Nostalgia drives nearly every scene. Rumors of Stu’s return hover over the narrative, while the plotline reframes the original killers as duplications. Instead of reinventing the masked killer, the script recycles familiar beats with self-referential dialogue and the looming idea of crafting a “Sidney 2.0.” The result becomes a repetition with updated software rather than escalation.
The story centers on Sidney Prescott’s daughter, Tatum Evans, whose desire to understand her mother’s past drives the emotional arc. As Tatum tries to learn her mother’s history, Sidney repeatedly shuts her down, creating a mother-daughter conflict that often interrupts rising tension.
Marco Beltrami’s score seldom syncs with the pacing, and soundtrack choices from Cigarettes After Sex, Beabadoobee and Turnstile clash with the franchise’s gritty slasher roots. Glossy lighting gives the film a streaming-era sheen, stripping away much of the original’s raw edge.
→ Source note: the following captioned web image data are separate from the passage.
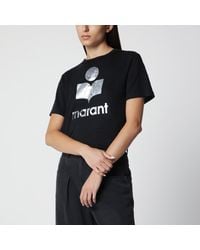 Isabel Marant - Zewel Logo Short-Sleeve Linen T-Shirt - Lyst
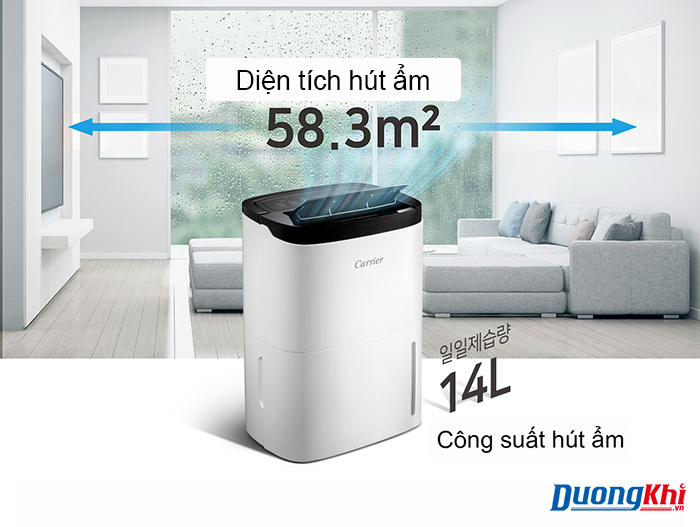 Máy hút ẩm Carrier CDHM-C014LRAW 14L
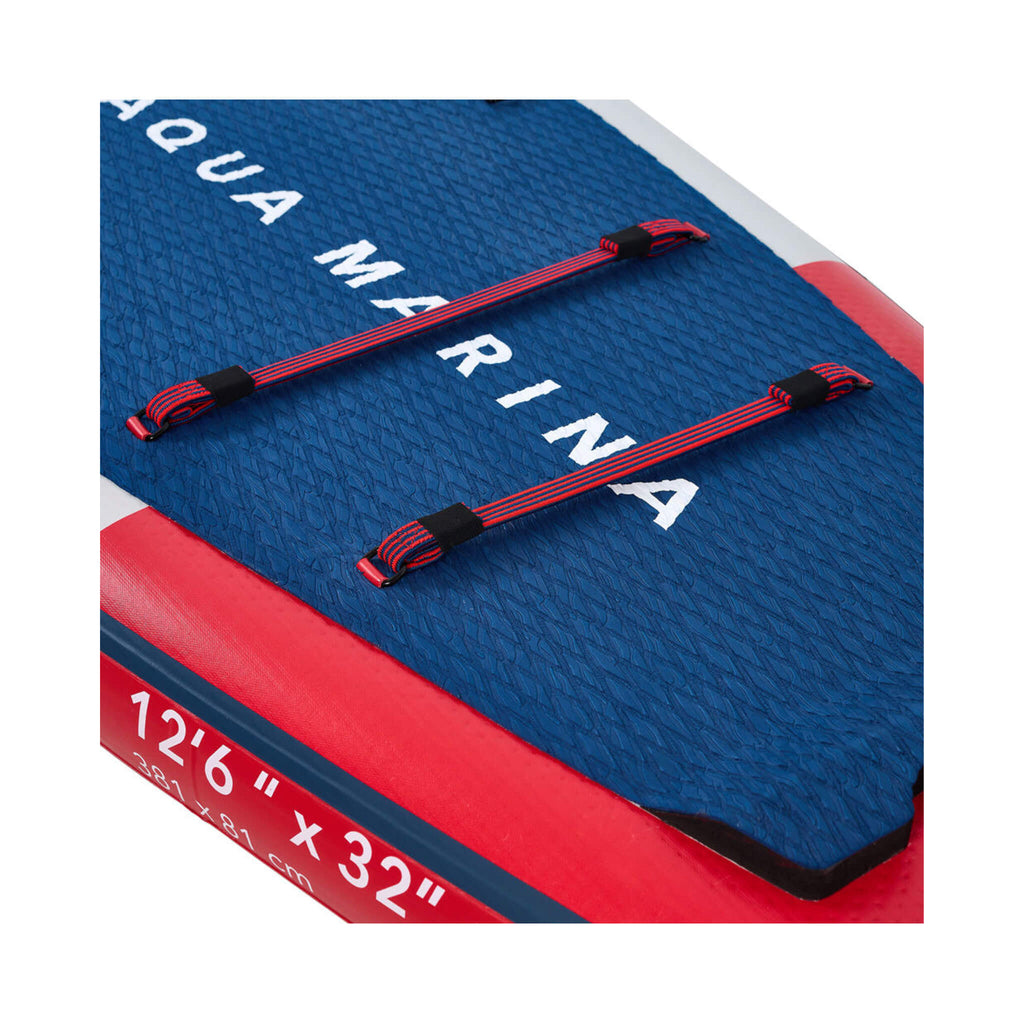 Aqua Marina Hyper 12FT Navy Touring SUP With Hydrodynamic Rail Edges & Adjustable Bungee [BT-23HY02] (SAK23285) - Saksby Wholesale - Straps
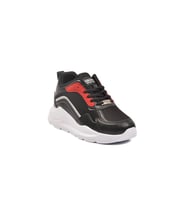 Ayakmod 051 G Beyaz Pudra Bağcıklı Yüksek Taban Kadın Spor Ayakkabı
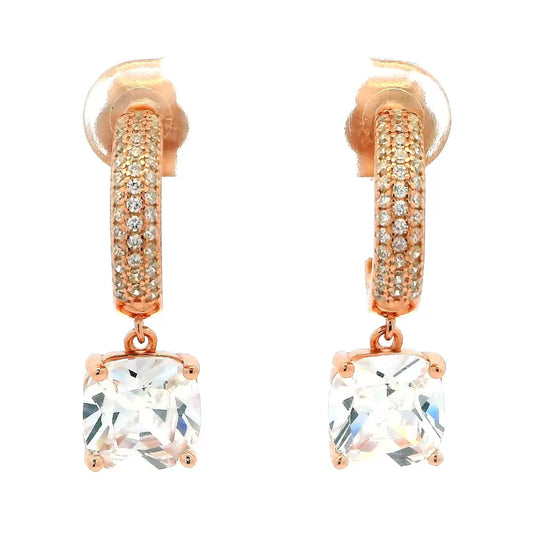 Classic Cushion Drop Earrings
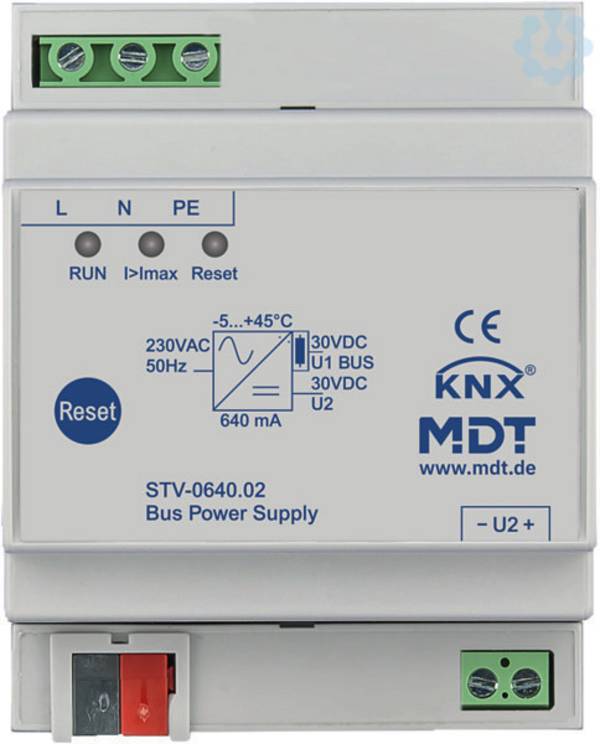 MDT Busspannungsversorgung 4TE REG 640mA - 120 x 65 x 95 mm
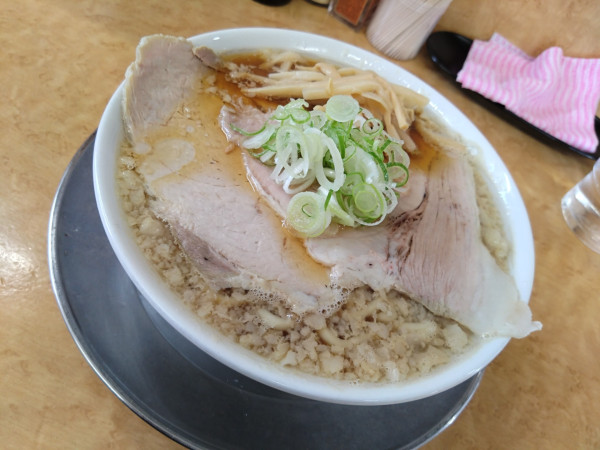 「朝専用 中 700円」@ラーメン 串焼き 笑太の写真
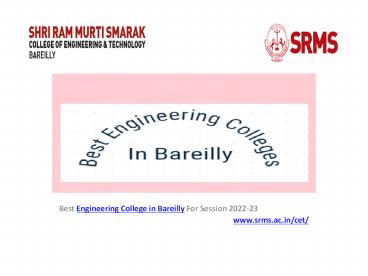 Apply For Session 2022-23 in Best Engineering College in Bareilly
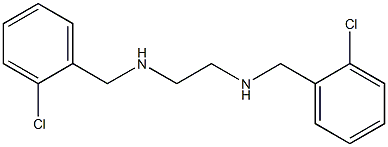 N,N'-Bis(o-chlorobenzyl)-1,2-ethanediamine 结构式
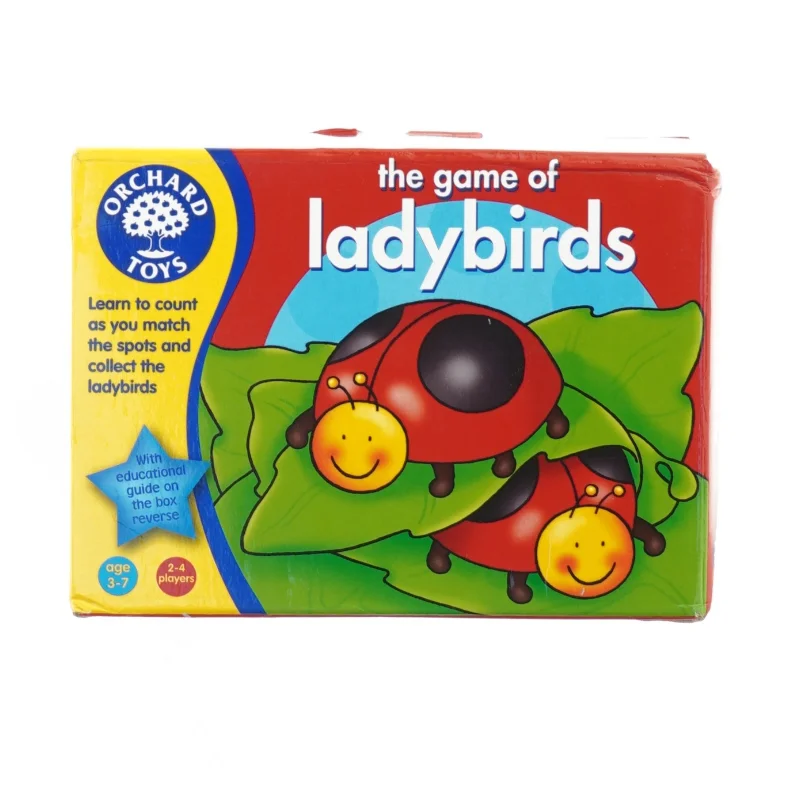 The game of lady birds (Brætspil) fra Orchid Toys (str. 20 x 14 cm)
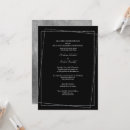 Buscar negro y plata invitaciones Para ella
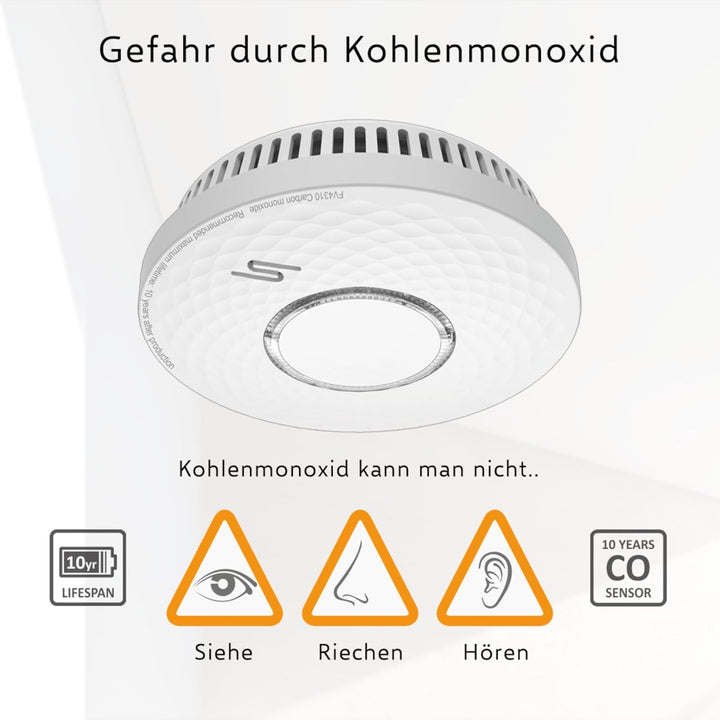 ELRO FV4310 Kombi-Melder - Rauch- und Kohlenmonoxidmelder mit 10 Jahren Batterielaufzeit
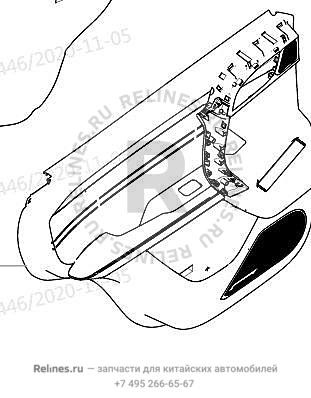 Обивка двери задняя левая - 620250***04AUC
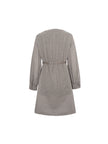 Women's Brown Wool Vest Splicing Cotton Dress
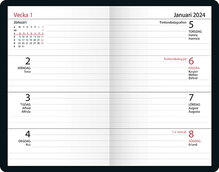 Kalender 2024 Lilla Fick Svart Plast FSC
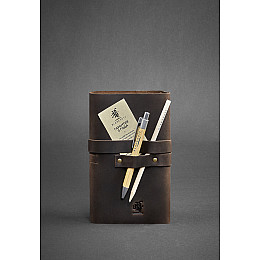 Кожаный блокнот BlankNote 1.0 Темно-коричневый (BN-SB-1-st-o)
Returning veterans inject needed energy. Neve Campbell’s Sidney commands the screen with sharp screams and even sharper one-liners. Matthew Lillard channels Stu’s manic volatility through exaggerated vocal shifts and gleeful chaos, while Courteney Cox storms in with a memorable entrance as Gale Weathers, her news van plowing into the first Ghostface encounter.
Jimmy Tatro (“22 Jump Street”) surprises audiences as Scott, a horror-obsessed boyfriend thrilled to immerse himself in franchise lore and the in-universe “Stab” films — fictional movies that dramatize the original Woodsboro killings. In contrast, Isabel May (“Young Sheldon”) struggles to anchor the narrative as Tatum. Flat line delivery drains urgency from pivotal scenes, and Sam Rechner (“Heartbreak High”) never convinces as either romantic lead or viable suspect playing Ben Brown. Their chemistry feels stiff, their exchanges dry enough to provoke unintended laughter.
As a whole, the film operates as a parody of the original, which itself parodied horror conventions. Devoted fans will appreciate callbacks to multiple killers, bedroom window fake-outs and returning faces. Yet each spike in suspense stalls for another earnest mother-daughter exchange, dampening momentum. When Tatum declares, “I’m Sidney fucking Prescott’s daughter,” the theater answered with audible laughs, underscoring the film’s tonal imbalance. The line champions legacy over identity, undercutting her supposed arc of self-discovery.
No sequel can replicate the charm of Wes Craven’s original. While the AI angle gestures toward innovation, its presence feels impersonal in a franchise built on human motive and satire. Seven entries deep, the series edges toward self-parody. This installment entertains most when expectations drop and absurdity takes center stage. The laughs outnumber the scares, and perhaps that has become the franchise’s sharpest weapon.